Very similar to Perfect labels via prompting, they are both for the effect of classification through prompting.

OP finds that leaving vs. not leaving a space at the end of a prompt matters a lot, not leaving a space being the better option (thinking about logits, this kinda makes sense).

They also find that adding (Positive/Negative Only) to the end of the prompt helps with labeling accuracy. They test how many labels the LLM got correct for each type of prompt, and recommends the best one for everyone.

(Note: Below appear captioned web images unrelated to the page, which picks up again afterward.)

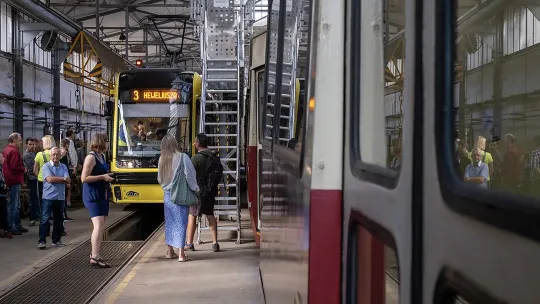 Dni Otwarte w zajezdni tramwajowej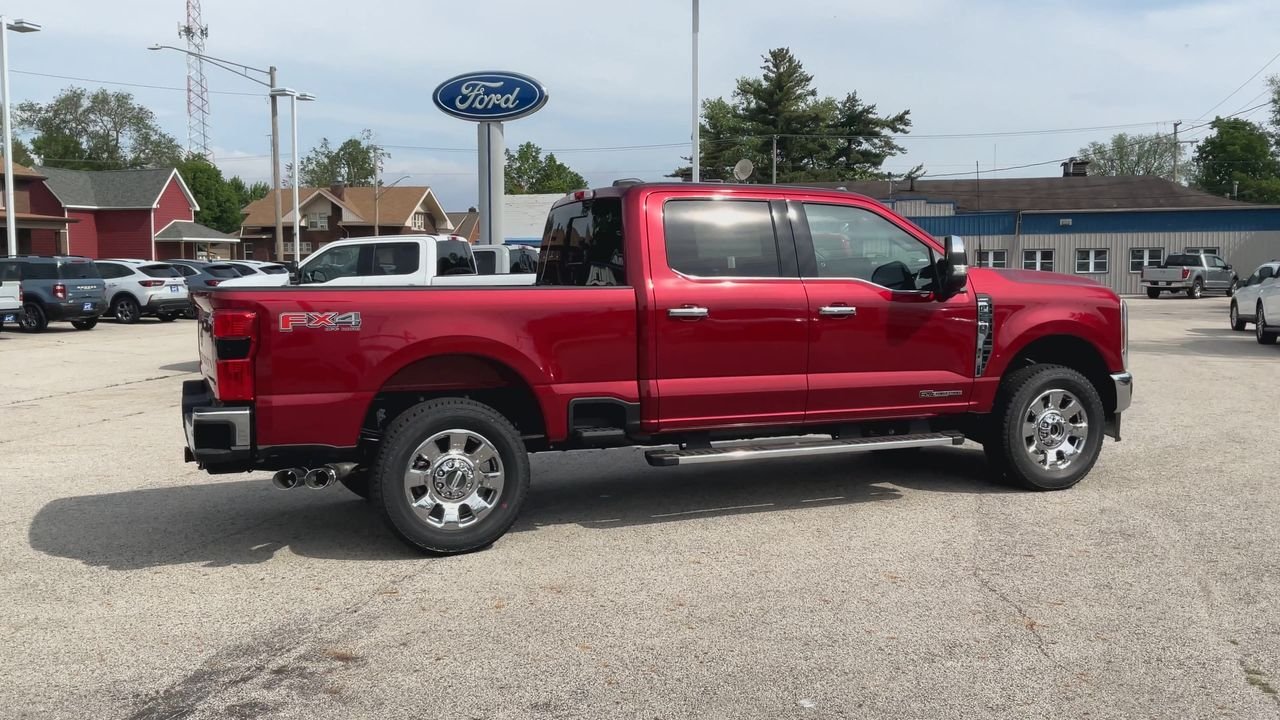New 2026 Ruby Red Metallic Tinted Clearcoat Ford F-250® Lariat® image 5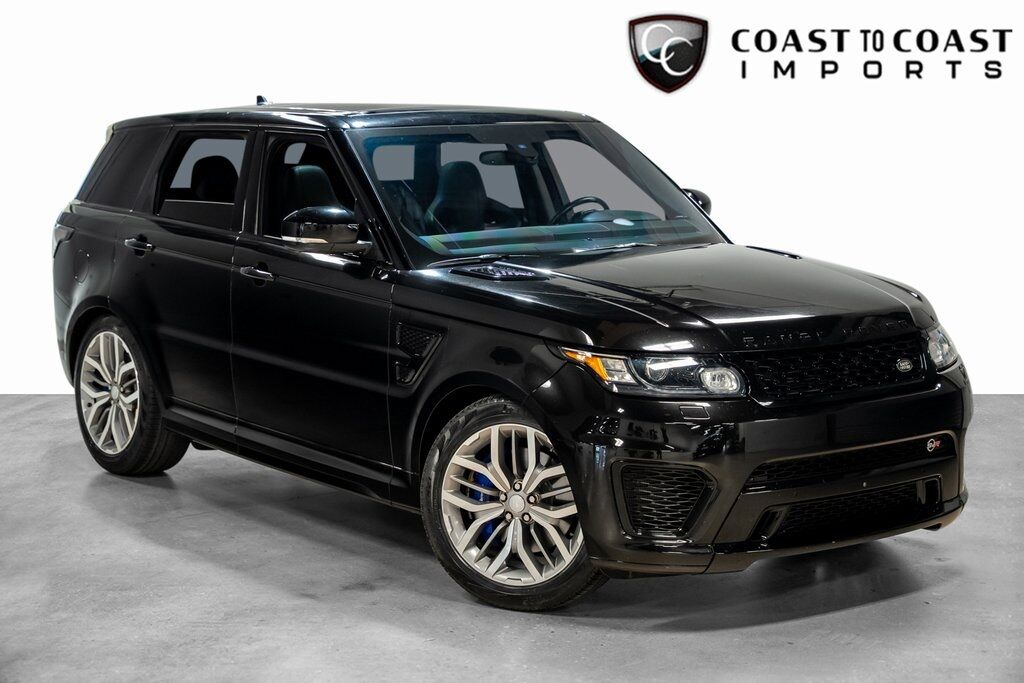2016 Land Rover Range Rover Sport 5.0L V8 Supercharged SVR Ft Lauderdale FL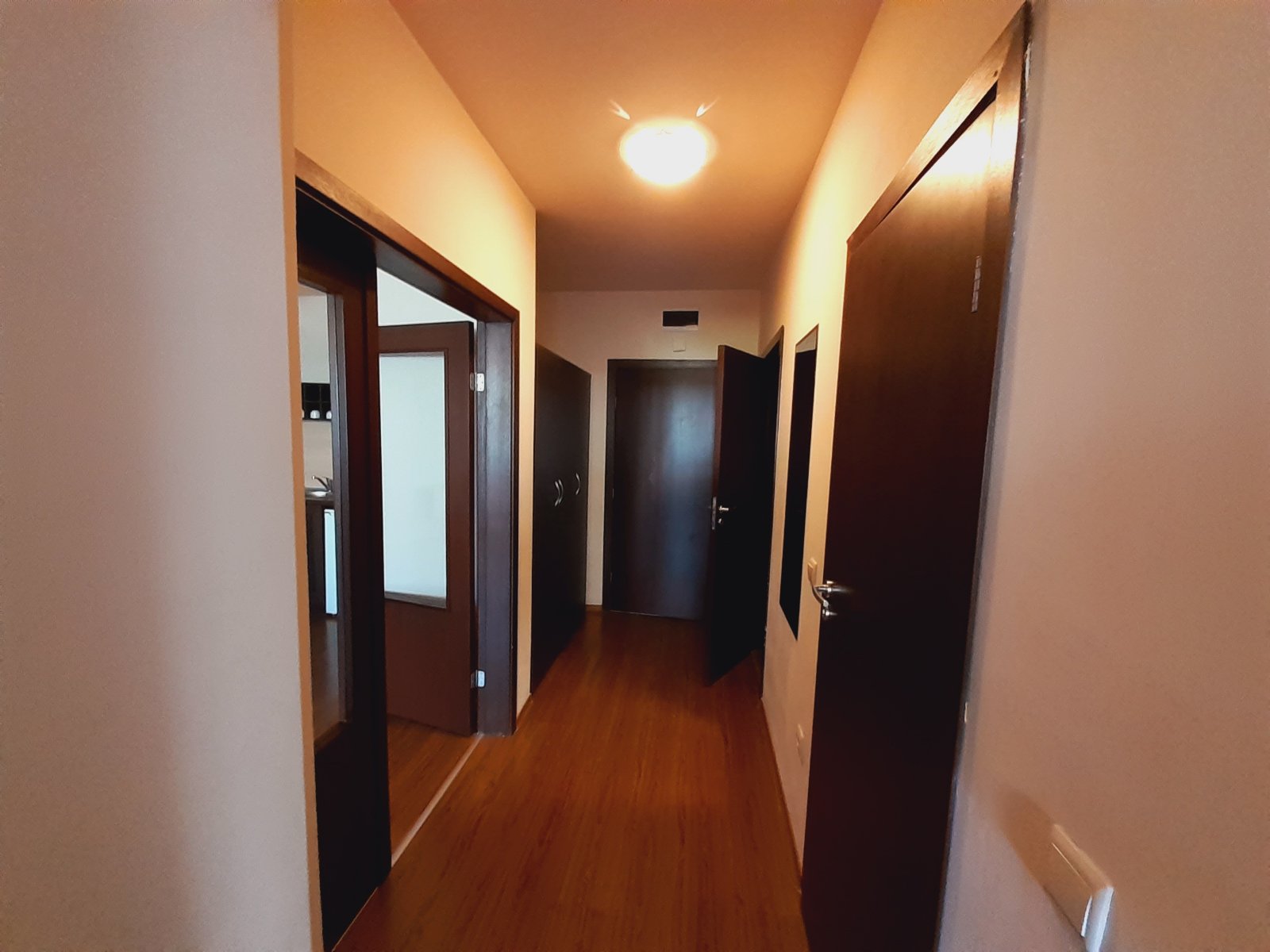 Spacious two-room apartment in Bansko Royal Towers next to the ski lift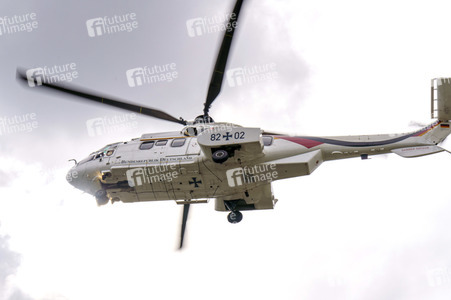 Ankunft von Olaf Scholz mit dem Hubschrauber in Berlin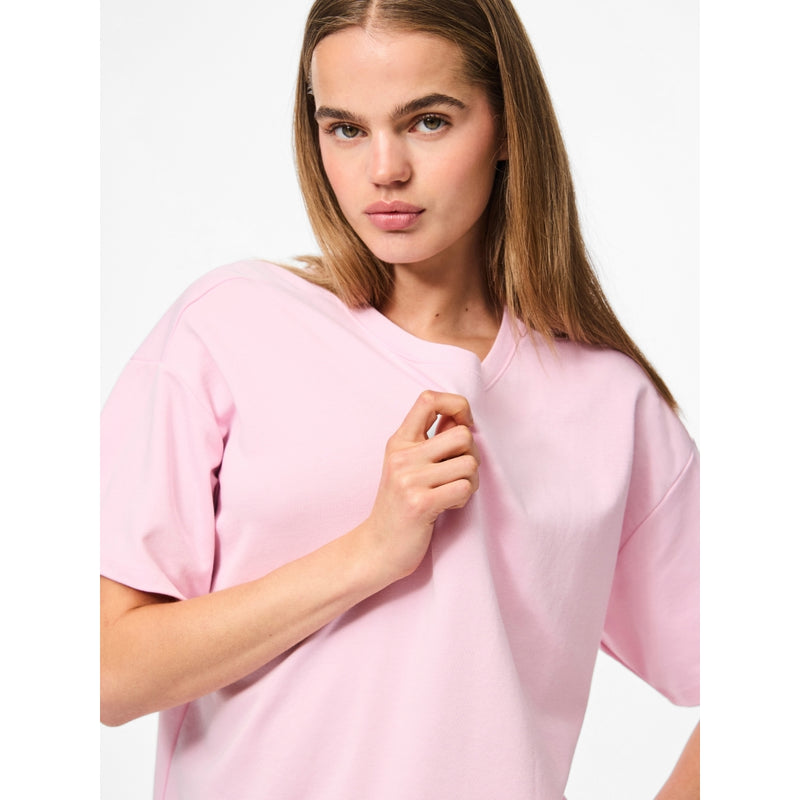 PIECES Pieces dam t-shirt PCSKYLAR T-shirt Roseate Spoonbill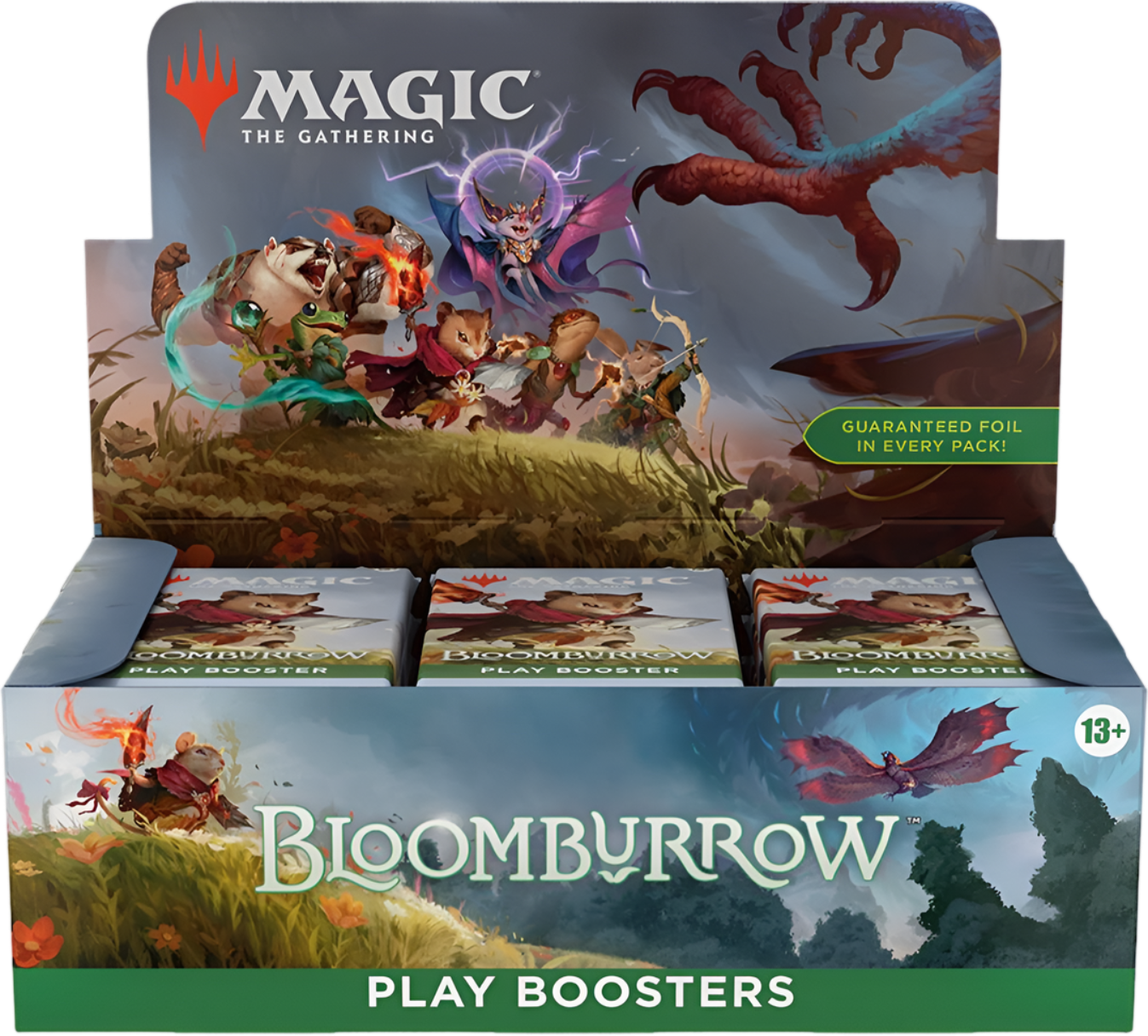 Bloomburrow Play Booster Box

Notably OP asks for feedback, and one of the comments are about whether it would be better to constrain the model output by defining and forcing a grammar. The OP explores the options, and finds an approach that enforces a format without restricting the model’s responses. In the more specific case of following a JSON schema like:

first_name: str
last_name: str
num_seasons_in_nba: int

A “character level parser” enforces what is an allowed token at each timestep, but also makes it a tree such that it can correctly map to what the tokenizer is producing at any timestep:

This ensures that the LLM can “choose” the order of the JSON elements “it wants”.

With the context above…

Some commenters bring up the “Guidance” tool, which enforces an exact output format. The OP tries this, and concludes how easy it makes classification tasks using LLMs. However, a later chain of comments discuss that tools that enforce outputs in an exact way may not allow the model to generate in the order and fashion it “wants to” generate. They discuss other tools that do allow more flexibility to the model, and then write that they are more encouraged that better prompting is a more fundamental solution to labeling performance of LLMs. “feels good to know my work in trying to get the model to output the label first isn’t a waste of time haha”

This is an interesting instance of when multiple streams of feedback matters, because if the OP were to simply go with the first recommendation without exploring what it does and how it affects outputs, they would have deemed their approach and effort trivial.